As Gilbert recovered, Hook announced in 2010 that he could no longer work with Sumner and that therefore the band was no more. Sumner and Morris countered with a statement to the effect that if Hooky wanted out, that was fine by them – even as they teamed up with Gilbert’s New Order replacement Phil Cunningham as the little-loved Bad Lieutenant.
 
In late 2011 it was announced that New Order were touring – with Gilbert back in the fold – even as Hook’s new band the Light were playing Closer on a worldwide tour. Despite all the drama, Gilbert is the very epitome of calm, her soft Mancunian accent echoing down the line. “It’s really good, just fantastic,” she begins, “I think I’m where I belong.”
 
The reunion began as Bad Lieutenant playing a benefit show for longtime video director Michael Shamberg, who requires ongoing medical care “…but someone said ‘why don’t we get back together again as New Order? It’d be more appropriate,’” she explains. “And because Hooky was still doing his own thing, we thought ‘we need another bass player’. Phil was already in New Order anyway, so we just asked Tom [Chapman], who just happened to be in Bad Lieutenant as well. We didn’t think it was going to work or anything but we just thought we’d try it.”
 
Was she itching to get back on stage? “I haven’t been itching, no.
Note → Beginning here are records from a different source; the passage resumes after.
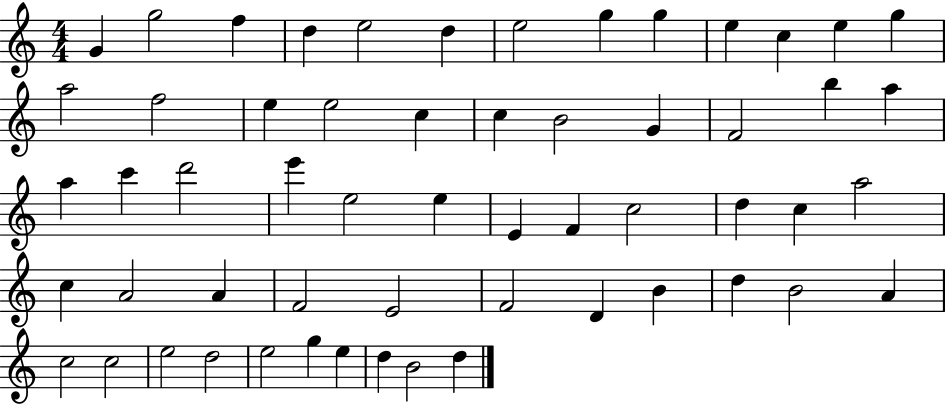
X:1
T:Untitled
M:4/4
L:1/4
K:C
G g2 f d e2 d e2 g g e c e g a2 f2 e e2 c c B2 G F2 b a a c' d'2 e' e2 e E F c2 d c a2 c A2 A F2 E2 F2 D B d B2 A c2 c2 e2 d2 e2 g e d B2 d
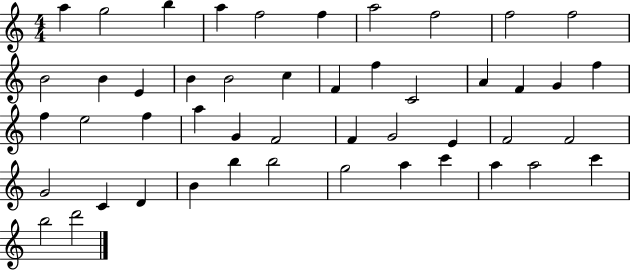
{
  \clef treble
  \numericTimeSignature
  \time 4/4
  \key c \major
  a''4 g''2 b''4 | a''4 f''2 f''4 | a''2 f''2 | f''2 f''2 | \break b'2 b'4 e'4 | b'4 b'2 c''4 | f'4 f''4 c'2 | a'4 f'4 g'4 f''4 | \break f''4 e''2 f''4 | a''4 g'4 f'2 | f'4 g'2 e'4 | f'2 f'2 | \break g'2 c'4 d'4 | b'4 b''4 b''2 | g''2 a''4 c'''4 | a''4 a''2 c'''4 | \break b''2 d'''2 | \bar "|."
}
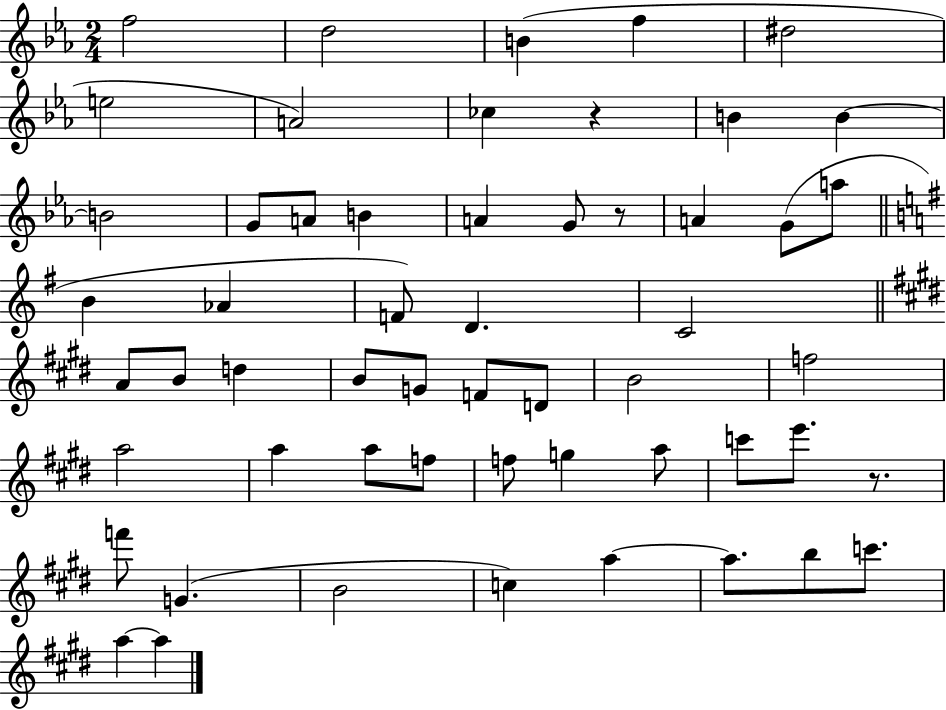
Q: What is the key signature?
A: EES major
I was at the beginning [of her break from the band], but because my daughter was so ill I just sort of left them alone to get on with it. It was hard being away from them, but you just get into a different sort of life, being home and looking after my daughter. So it was really nice to be asked [to return], and as soon as we started rehearsing it just felt like I’d never been away, really.”
 
Even though the reason for Gilbert’s departure was a noble one, it must have stung when New Order released ‘Crystal’ in 2001, the first single without her.
 
“That was so hard,” she agrees, her voice a near whisper. “I hated it. But they carried on without me.”
 
And now the band is carrying on without Hooky.
 
“Yes, but at least Hooky had his choice,” she counters. “He didn’t want to be in New Order anymore, and he made it quite clear. But we thought ‘well, if he doesn’t want to do it but a number of us want to, why shouldn’t we do it really?’ And if he was so unhappy – how could [we] make somebody do something if they’re so unhappy?”
 
She pauses at the suggestion that the difference between previous Hooky/Sumner fights was the lack of Rob Gretton to grab everybody by the scruff of the neck and tell them to play nice.
 
“That’s interesting. Maybe,” she considers. “That’s the thing with life: you don’t know what’s going to be thrown at you. When Rob died [of a heart attack in 1999] that was really upsetting. The dynamics of everything changed and you just have to muddle on through. Life goes on, I suppose.”
 
Of course, that wasn't a foregone conclusion for Gilbert when she got her diagnosis. “I told Stephen on the phone because he was at the NME awards,” she laughs, darkly. “I couldn’t get through to him and I just left a message saying ‘Oh yeah, I’ve got cancer, so give us a ring when you’re able.’”
 
Ouch.
 
“I know!” she laughs. “It was a bit cruel, but it was a bit of a shock. It was only last year that I felt like it was getting better, and I was feeling a bit more positive, so that’s why I just said yes to New Order getting back together.”
 
Morris and Sumner both declared that New Order were a closed book as recently as 18 months ago, so does Gilbert see a future for the band? “Well, we’re not going to commit to anything big right now. We just want to see how it goes really because we never thought playing live was going to be doable, because Barney didn’t like playing live, and Hooky really liked playing live…”
 
She pauses. “But I think because things have changed we’re just doing it how it is at the moment, and I don’t think we’ve got a record deal at the moment. So we’re in this position where we can do anything we like, really, which is a really good position to be in.”